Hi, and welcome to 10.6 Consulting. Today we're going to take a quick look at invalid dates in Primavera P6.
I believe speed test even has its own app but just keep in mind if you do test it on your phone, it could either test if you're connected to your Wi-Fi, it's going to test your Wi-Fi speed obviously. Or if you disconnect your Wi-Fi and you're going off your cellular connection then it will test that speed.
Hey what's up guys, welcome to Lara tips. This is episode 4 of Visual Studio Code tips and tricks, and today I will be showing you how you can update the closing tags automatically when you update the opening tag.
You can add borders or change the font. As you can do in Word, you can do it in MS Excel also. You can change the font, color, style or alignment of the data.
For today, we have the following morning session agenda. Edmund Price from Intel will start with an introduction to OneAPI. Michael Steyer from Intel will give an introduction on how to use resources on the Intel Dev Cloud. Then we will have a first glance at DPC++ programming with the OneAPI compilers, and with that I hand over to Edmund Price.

========================================

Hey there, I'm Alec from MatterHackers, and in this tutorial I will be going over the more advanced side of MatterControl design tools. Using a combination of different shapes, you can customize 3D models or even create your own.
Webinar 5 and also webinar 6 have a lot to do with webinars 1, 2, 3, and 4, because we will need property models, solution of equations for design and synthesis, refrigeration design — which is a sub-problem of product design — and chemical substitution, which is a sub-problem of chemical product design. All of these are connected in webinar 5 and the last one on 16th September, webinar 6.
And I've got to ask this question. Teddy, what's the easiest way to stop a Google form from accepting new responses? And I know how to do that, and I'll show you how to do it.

========================================

Exercise brief:
Only a number is expected here: the tally of lines above that contain "what". Please write nothing more.

Answer space:
2